- [EXERCISE DIRECTIONS]: Some of the lines below need repeating. Reproduce exactly those between the lines holding "1 Set Sticker" and "Kardinal Bird Couples", inclusive.

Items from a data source
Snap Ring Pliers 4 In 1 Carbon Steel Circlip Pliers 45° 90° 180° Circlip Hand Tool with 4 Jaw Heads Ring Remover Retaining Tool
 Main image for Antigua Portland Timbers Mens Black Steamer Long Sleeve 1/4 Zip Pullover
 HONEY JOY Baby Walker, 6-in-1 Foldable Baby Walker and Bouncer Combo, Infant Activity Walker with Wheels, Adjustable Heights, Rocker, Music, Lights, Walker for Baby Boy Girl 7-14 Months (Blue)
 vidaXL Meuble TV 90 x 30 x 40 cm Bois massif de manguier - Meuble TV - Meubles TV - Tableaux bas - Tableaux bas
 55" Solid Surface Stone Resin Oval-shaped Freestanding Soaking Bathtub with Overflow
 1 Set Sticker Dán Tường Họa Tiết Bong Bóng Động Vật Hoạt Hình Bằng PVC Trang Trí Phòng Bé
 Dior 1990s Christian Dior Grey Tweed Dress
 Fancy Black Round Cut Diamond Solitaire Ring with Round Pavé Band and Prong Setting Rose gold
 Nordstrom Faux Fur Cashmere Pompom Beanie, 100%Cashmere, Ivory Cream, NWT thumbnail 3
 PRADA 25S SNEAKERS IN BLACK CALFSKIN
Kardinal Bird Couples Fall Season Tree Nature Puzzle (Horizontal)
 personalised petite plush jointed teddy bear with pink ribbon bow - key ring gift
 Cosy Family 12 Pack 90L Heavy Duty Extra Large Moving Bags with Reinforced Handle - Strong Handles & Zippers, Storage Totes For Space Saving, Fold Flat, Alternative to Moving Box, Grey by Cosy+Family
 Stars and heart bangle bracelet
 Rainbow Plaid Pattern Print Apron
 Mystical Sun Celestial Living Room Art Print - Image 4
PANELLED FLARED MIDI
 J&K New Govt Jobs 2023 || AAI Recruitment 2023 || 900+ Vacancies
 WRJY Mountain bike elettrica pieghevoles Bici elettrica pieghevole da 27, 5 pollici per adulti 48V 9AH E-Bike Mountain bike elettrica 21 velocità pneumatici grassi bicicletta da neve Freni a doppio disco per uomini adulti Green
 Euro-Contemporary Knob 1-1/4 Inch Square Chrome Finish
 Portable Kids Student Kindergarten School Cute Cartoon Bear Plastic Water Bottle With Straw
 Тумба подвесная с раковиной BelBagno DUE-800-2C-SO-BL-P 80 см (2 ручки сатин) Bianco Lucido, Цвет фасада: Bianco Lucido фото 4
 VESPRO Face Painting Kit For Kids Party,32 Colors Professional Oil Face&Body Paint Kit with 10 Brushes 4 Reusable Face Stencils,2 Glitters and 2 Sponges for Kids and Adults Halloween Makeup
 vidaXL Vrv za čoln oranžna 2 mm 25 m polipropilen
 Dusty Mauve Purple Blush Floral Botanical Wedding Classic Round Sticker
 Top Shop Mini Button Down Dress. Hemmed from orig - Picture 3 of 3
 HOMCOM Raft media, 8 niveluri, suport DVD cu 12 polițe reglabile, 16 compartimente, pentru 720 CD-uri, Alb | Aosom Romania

- [ANSWER BELOW]:
 1 Set Sticker Dán Tường Họa Tiết Bong Bóng Động Vật Hoạt Hình Bằng PVC Trang Trí Phòng Bé
 Dior 1990s Christian Dior Grey Tweed Dress
 Fancy Black Round Cut Diamond Solitaire Ring with Round Pavé Band and Prong Setting Rose gold
 Nordstrom Faux Fur Cashmere Pompom Beanie, 100%Cashmere, Ivory Cream, NWT thumbnail 3
 PRADA 25S SNEAKERS IN BLACK CALFSKIN
Kardinal Bird Couples Fall Season Tree Nature Puzzle (Horizontal)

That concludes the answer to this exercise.